Soru: Akıl herkeste eşit mi?
CEVAP:
Akıl herkeste eşit değildir. En yüksek akıl ile en
aşağı akıl arasında binlerce derece vardır. Her işte ve hele dini işlerde akla güvenilemez.
Din işleri, akıl üzerine kurulamaz. Çünkü akıl, bir kararda kalmaz. Herkesin
aklı, birbirine uymadığı gibi, selim olmayan akıl, bazen doğruyu bulur,
yanılması ise, daha çok olur. En akıllı denilen kişi, mütehassıs olduğu dünya
işlerinde bile, çok hata eder. Hele ahiret bilgilerinde akla hiç güvenilmez.
İnsanların şekil ve ahlakları gibi, akıl ve ilimleri
de, farklıdır. Birinin aklına uygun gelen bir şey, başkasının aklına uygun
gelmeyebilir. O halde, din işlerinde, akıl, tam bir ölçü olamaz. Ancak, akıl
ile din birlikte, tam ve doğru bir vesika ve ölçü olur.
Selim olmayan akıl, bir gerçeği kabul etmezse, bunun
ne kıymeti vardır? Selim olan akıl, din hükümlerinin hepsinin pek yerinde ve
doğru olduğunu açıkça görür.
Mutezile'ye göre aklın yolu birdir.

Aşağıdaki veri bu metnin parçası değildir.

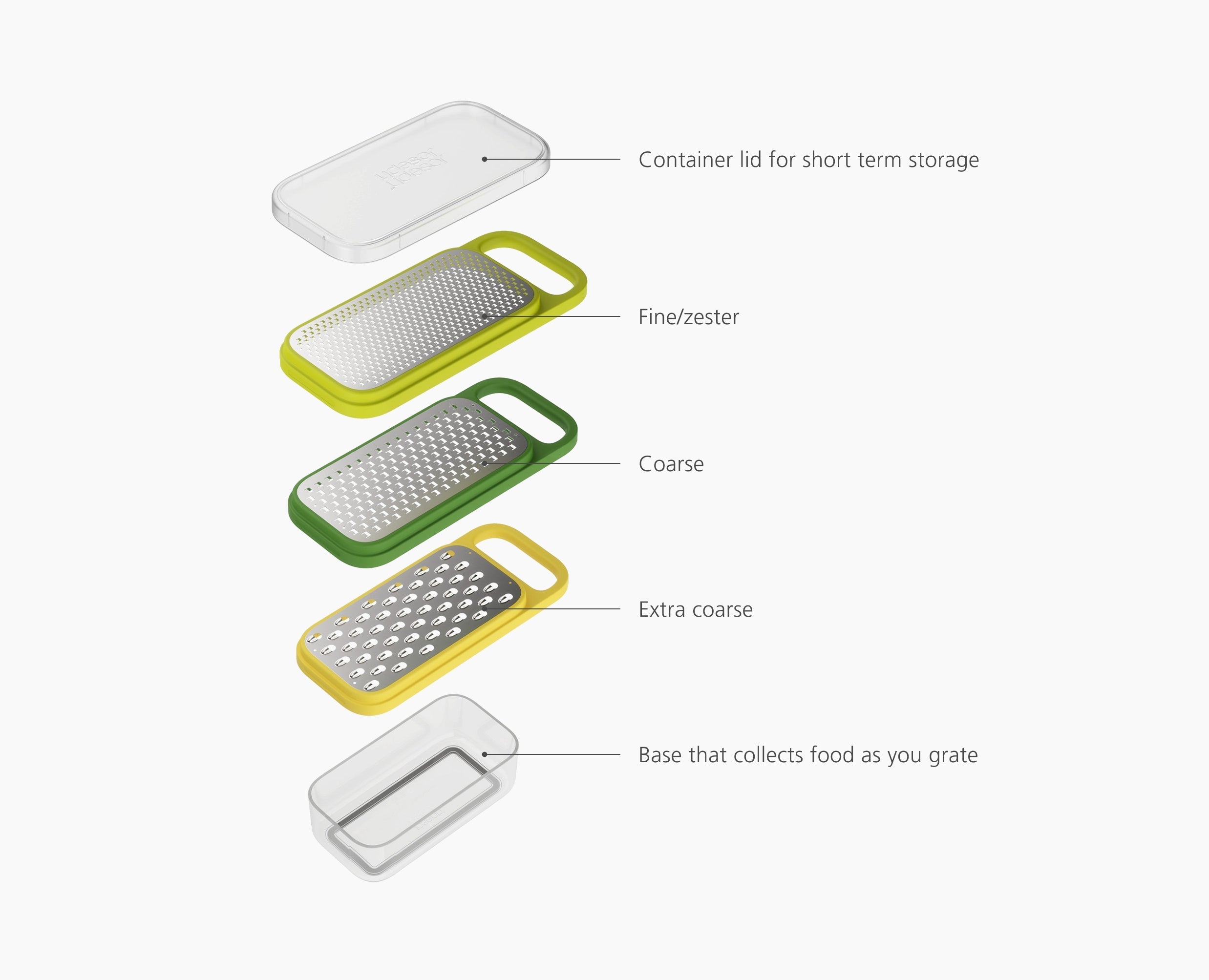 Multi-Grate & Store™ 3-in-1 Grater Set with Storage Container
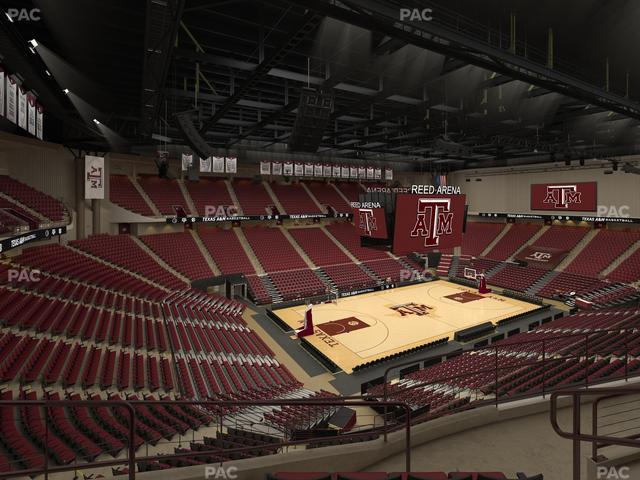 Reed Arena - Section 209 Seat View Reed Arena - Section 209 Seat View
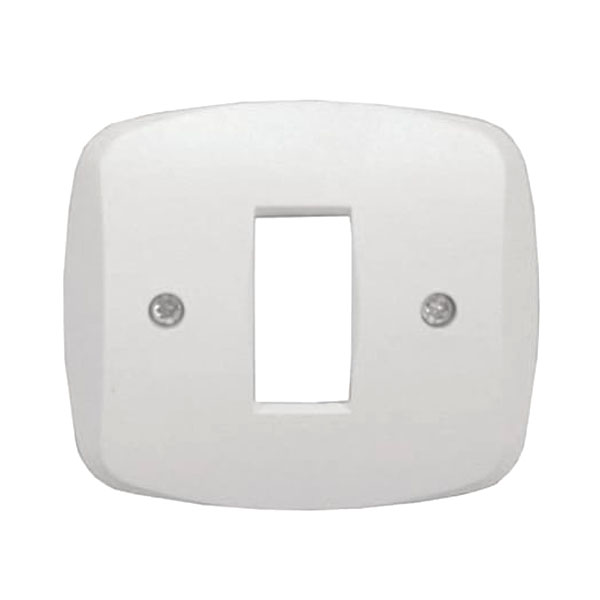 COPRINTERRUTTORE ABS BIANCO OVALE 1POSTO 1821.1F COPRINTERRUTTORI F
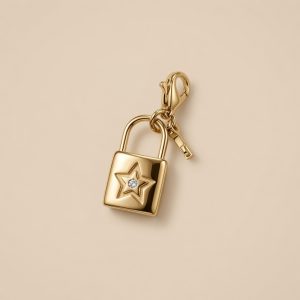 Charm – cadenas et clé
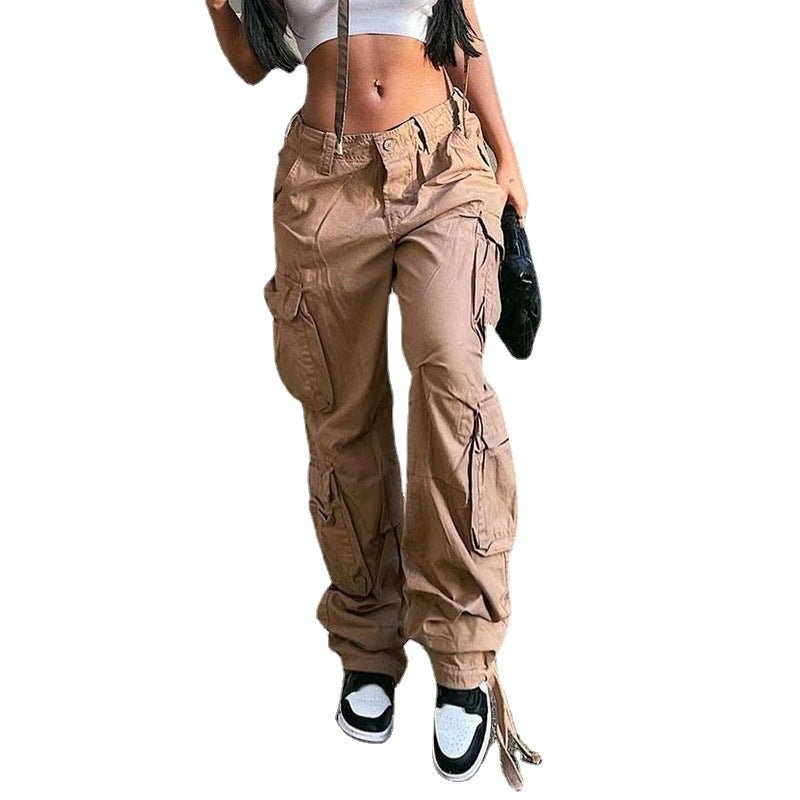 Cargo Solid Baggy Pants - K&L Trending Products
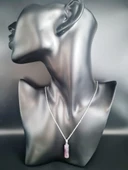 GÜMÜŞTEL EL SANATLARI Sertifikalı Ametist Doğal Taş Kolye Özel Kesim thumbnail 4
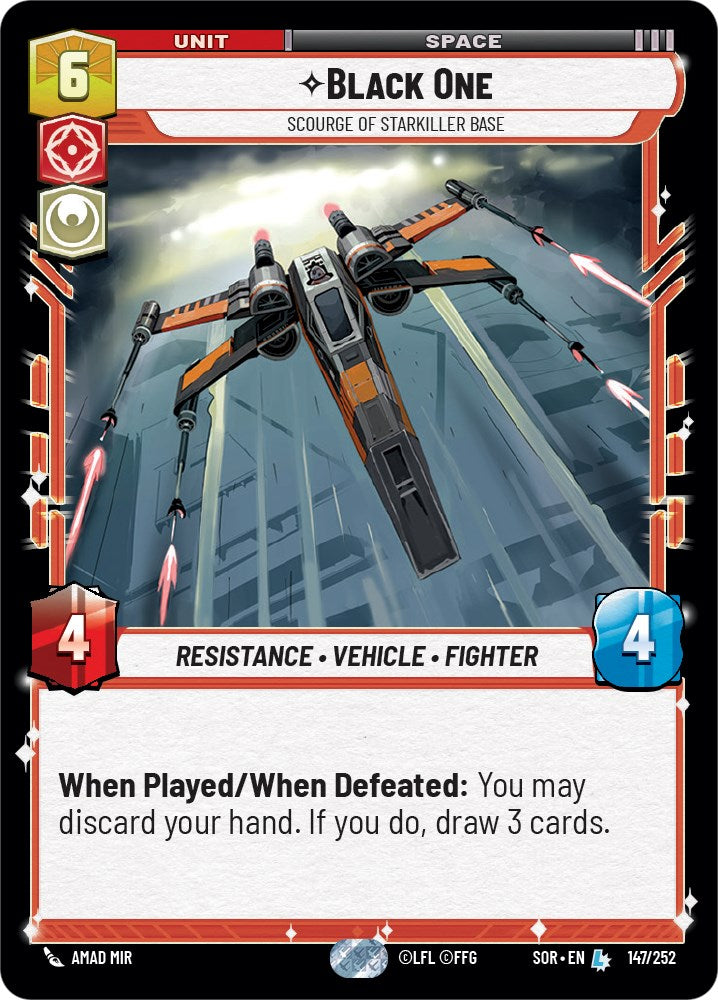 Black One - Scourge of Starkiller Base (147/252) [Spark of Rebellion] | Cards and Coasters CA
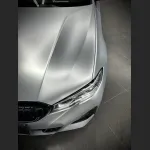 Ravoony Plus Matte Metallic Silver Car Vinyl Wrap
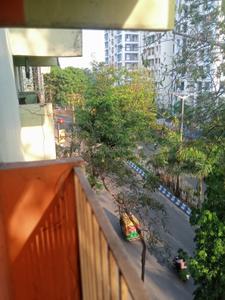 Balcony Image of 1500 Sq.ft 3 BHK Apartment / Flat for rent in Ultadanga Kolkata for Rs. 35000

Akıl, herkeste eşittir. Akıl şaşmaz bir
hüccettir. Akıl ile Allah’ın varlığını bilme mecburiyeti olduğu gibi, haram ve
helal olan şeyleri de akıl ile bilme mecburiyeti vardır. Halbuki, haram, helal
ancak nakil ile anlaşılır. Akıl dinde delil değildir.
Dinimizde delil dörttür:
Kitap, Sünnet, İcma ve Kıyas-ı fukaha.
Bid'at ehli, (Aklın ve dinin yolu birdir. Dört mezhebi
bire indirmelidir! Akla ve dine uygun olanlarını toplayıp bir mezhep haline
getirmek gerekir) diyor. Halbuki Peygamber
efendimiz farklı ictihadların rahmet olduğunu bildirmiştir. Her ne kadar akıl,
iyiyi kötüden ayıran bir kuvvet ise de, her işte ölçü olmaz. Allahü teâlâya ait bilgilerde akıl senet olmaz.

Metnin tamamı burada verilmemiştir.